В эпоху раннего Средневековья кончар распространен по всему Востоку — разумеется, не Дальнему, а тому, который обобщенно изображается как «мир степных всадников». На излете же Средневековья его позаимствовала у степняков — и с успехом применила против них — та латная конница Европы, которая имела регулярные «контакты» с восточной конницей. То есть «цивилизация фронтира», которая воспринимает свою деятельность как охрану Последнего Рубежа. При этом она должна быть не очень городской и к пехоте, в том числе и собственной, относиться с известным пренебрежением. А к техническому прогрессу — не обязательно: рядом с кончаром часто был приторочен седельный пистолет, и где-то неподалеку, в другой седельной сумке, могла храниться ПЕЧАТНАЯ Библия, а то уже и светский роман в духе творений Гура Сочинителя.

Кстати, о Библии. Цивилизации позднего кончара, видимо, должны были быть достаточно монолитны в религиозном смысле, при том что вольномыслие — правда, скорее шляхетское, чем интеллигентское, — для них как раз характерно. Терпеть на своей территории иноверцев, занимающих конкретную социально-экономическую нишу, они способны, но вот внутренние ереси, церковный раскол и прочее вряд ли будут терпимо восприняты перед лицом «восточной опасности». Междоусобные стычки, разумеется, возможны — но в таких «схватках равных» кончар не очень удобен, а более уместны мечи-панцерштекеры (это немецкий термин, но он, думается, понятен и без перевода) или ранние эстоки.
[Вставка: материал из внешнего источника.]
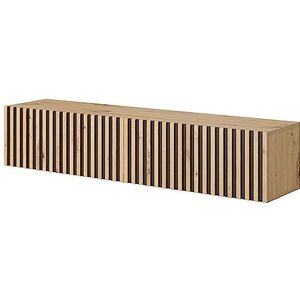 Selsey Telire - TV Lowboard Wotan eiken lamellenfront, met zwarte inzetstukken, 140 cm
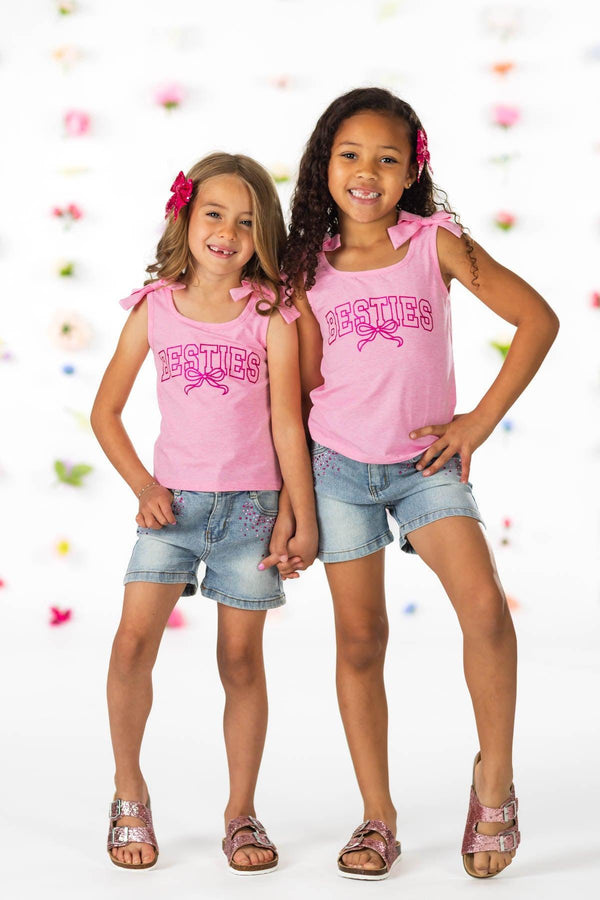 "Besties" Denim Short Set | Sparkle in Pink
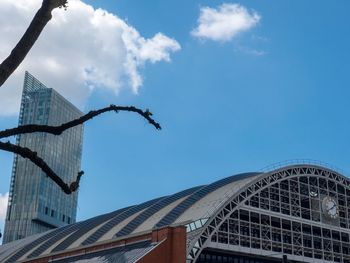 Low angle view of modern building against sky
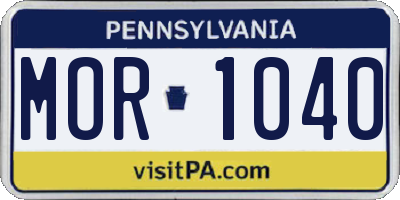 PA license plate MOR1040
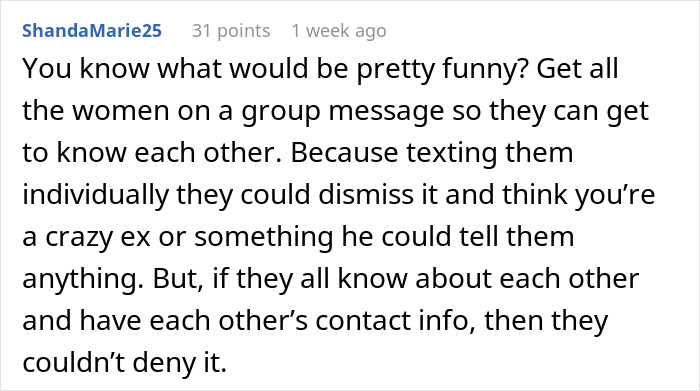 Screenshot of a user's comment discussing sending group messages to women, implying exposure of a man's phone secrets.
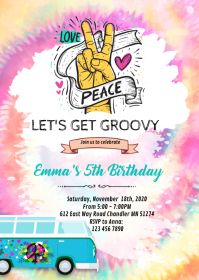 15 730 Hippie Birthday Invitation Customizable Design Templates Postermywall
У них при почти кончаровской форме клинка чуть меньшая длина и иной, более фехтовальный баланс.

Турецкий всадник с почти гусарским (в польском смысле) щитом за спиной, европейскими шпорами на пятках, палашом (а не саблей!) в руке и кончаром при седле. Кстати, его «вынесенный за пределы кадра» противник (венгерский рыцарь) вооружен сходным образом, так что перед нами — классический пример восточноевропейского фронтира, пограничья цивилизаций

Кроме того, такие «всаднические» европейские культуры, скорее всего, окажутся цивилизациями утрированно-феодального типа, причудливо совмещающими неплохую дисциплину на низовом, мелкопоместном уровне и почти анархию на уровнях более высоких. Дело в том, что при средневековой слабости государства и близости Последнего Рубежа королевское войско эффективно лишь в редких случаях, рыцарь-одиночка с личной дружиной держать фронт не сумеет, а вот на магнатов регионального значения ложится повышенная ответственность. На определенном этапе развития эта система отношений перестает срабатывать, и вот тогда-то «страны кончара» оказываются вынуждены обратиться к централизации, сопровождая сей процесс массой оговорок и проволочек. В результате центральная власть у них сразу возникает как конституционная, что само по себе неплохо, но зато сохраняется изрядный риск опоздать, проиграть историческое соревнование другим государствам, изначально оказавшимся в более благоприятных условиях, либо тем, кто в менее благоприятных условиях сразу избрал более жесткую схему. Например, стал бороться с азиатскими соседями их же оружием: абсолютной централизацией по типу азиатской деспотии.

Какое государство пошло этим путем в нашем мире — угадайте с трех раз. Следует учитывать, что такой подход чреват своим собственным РИСКОМ ОПОЗДАНИЯ…

А «цивилизации кончара» в нашем мире — это Австрия, Венгрия (благодаря далеко продвинувшейся Османской империи), безусловно, Польша (а вот для нее роль Востока зачастую играли мы, но это уже особый разговор). Испанцы в данный список не попали: их дела с маврами примерно с равной частотой вершились в открытом поле, на море, в горах и под стенами крепостей, что потребовало создания не «всаднического», а универсального оружия и тактики боя. Без этого — совсем бы идеальный кандидат в «цивилизацию кончара», но ЭТО есть, и оно во многом порождает иной комплекс — не только оружейный, но и культурно-исторический.

Вот так оно и бывает. И у НАС, на Земле, и у НИХ, в мирах, пока доступных лишь фантастам.